* _What is being asked_: Transcribe the records below exactly, leaving out any pictures.

* _Extracted material_:
##########
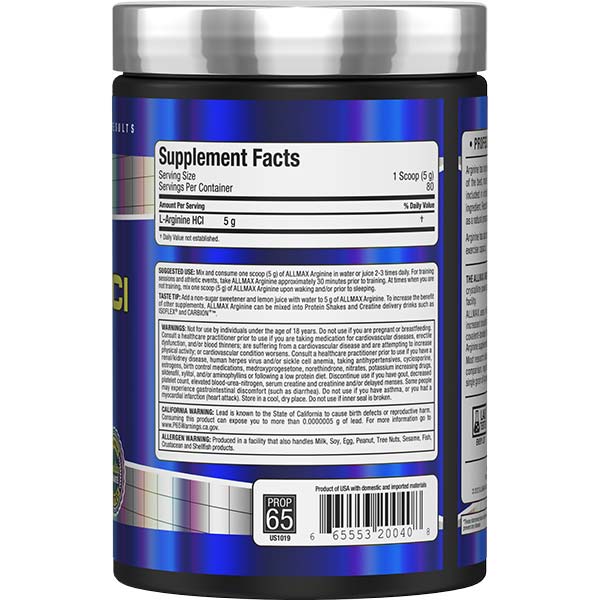 ALLMAX - ARGININE HCL 400G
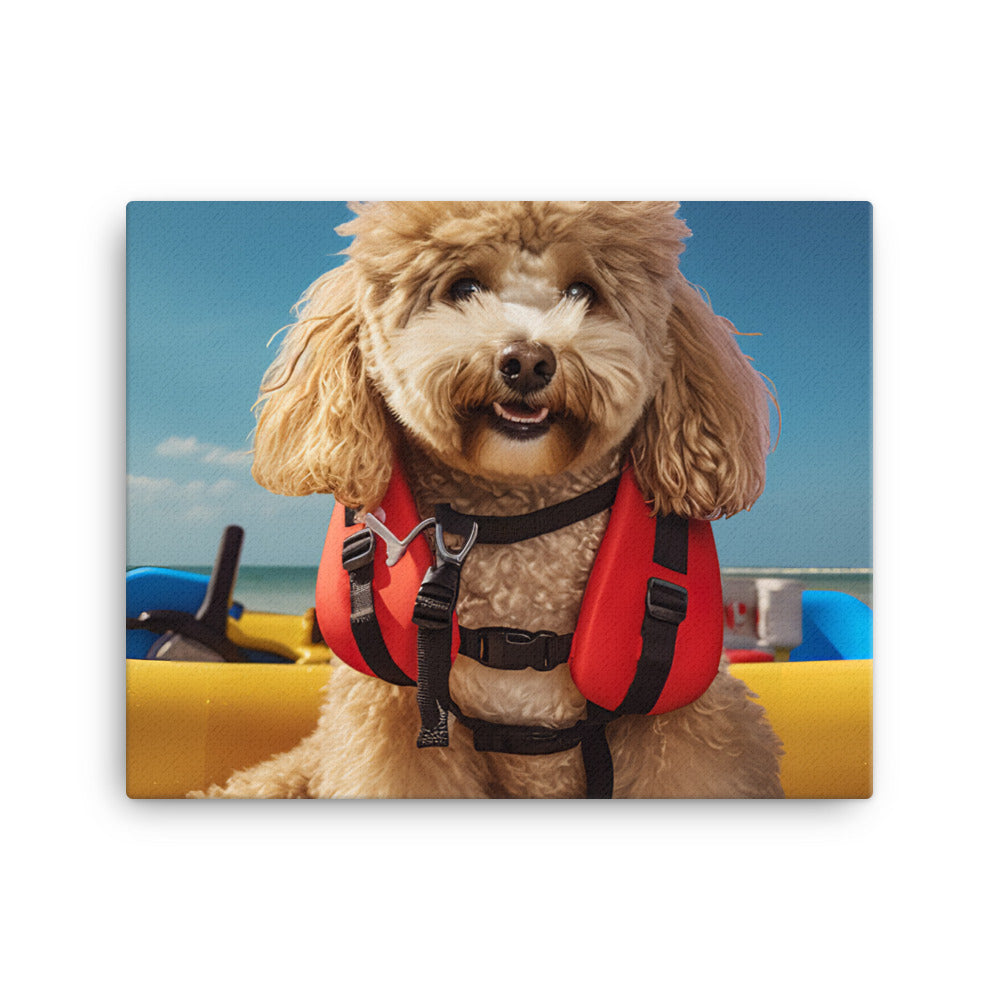 Poodle Lifeguard Canvas - PosterfyAI.com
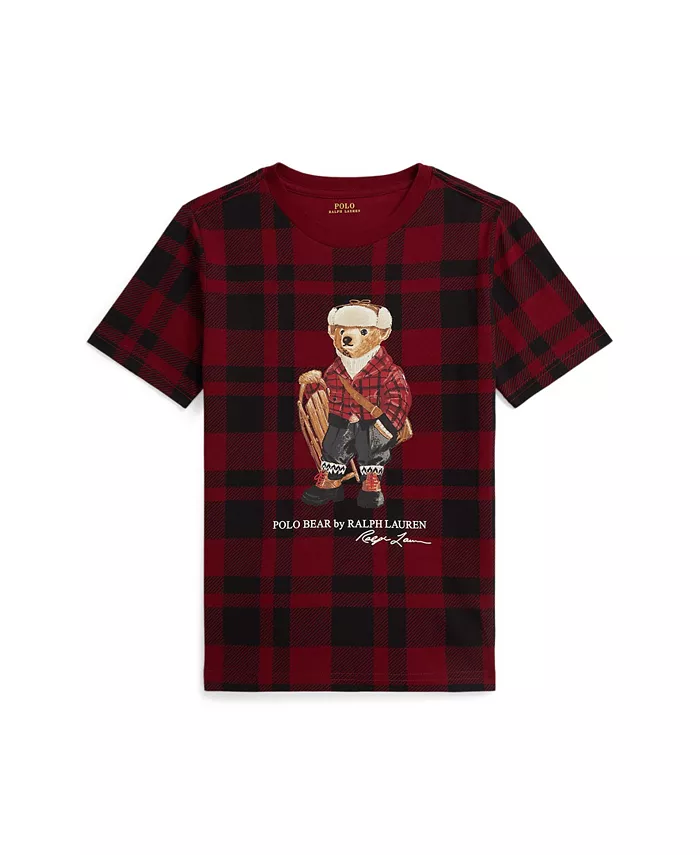Мальчиковая футболка с медвежонком Polo в клетку, хлопок, размеры 2-7 лет Polo Ralph Lauren, мультиколор
Мальчиковая футболка с медвежонком Polo в клетку, хлопок, размеры 2-7 лет Polo Ralph Lauren, мультиколор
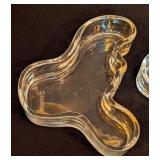 ML - Pair of iittala Alvar Aalto Clear Glass Bowls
##########
* _Written answer_:
 ALLMAX - ARGININE HCL 400G
 Poodle Lifeguard Canvas - PosterfyAI.com
Мальчиковая футболка с медвежонком Polo в клетку, хлопок, размеры 2-7 лет Polo Ralph Lauren, мультиколор
Мальчиковая футболка с медвежонком Polo в клетку, хлопок, размеры 2-7 лет Polo Ralph Lauren, мультиколор
 ML - Pair of iittala Alvar Aalto Clear Glass Bowls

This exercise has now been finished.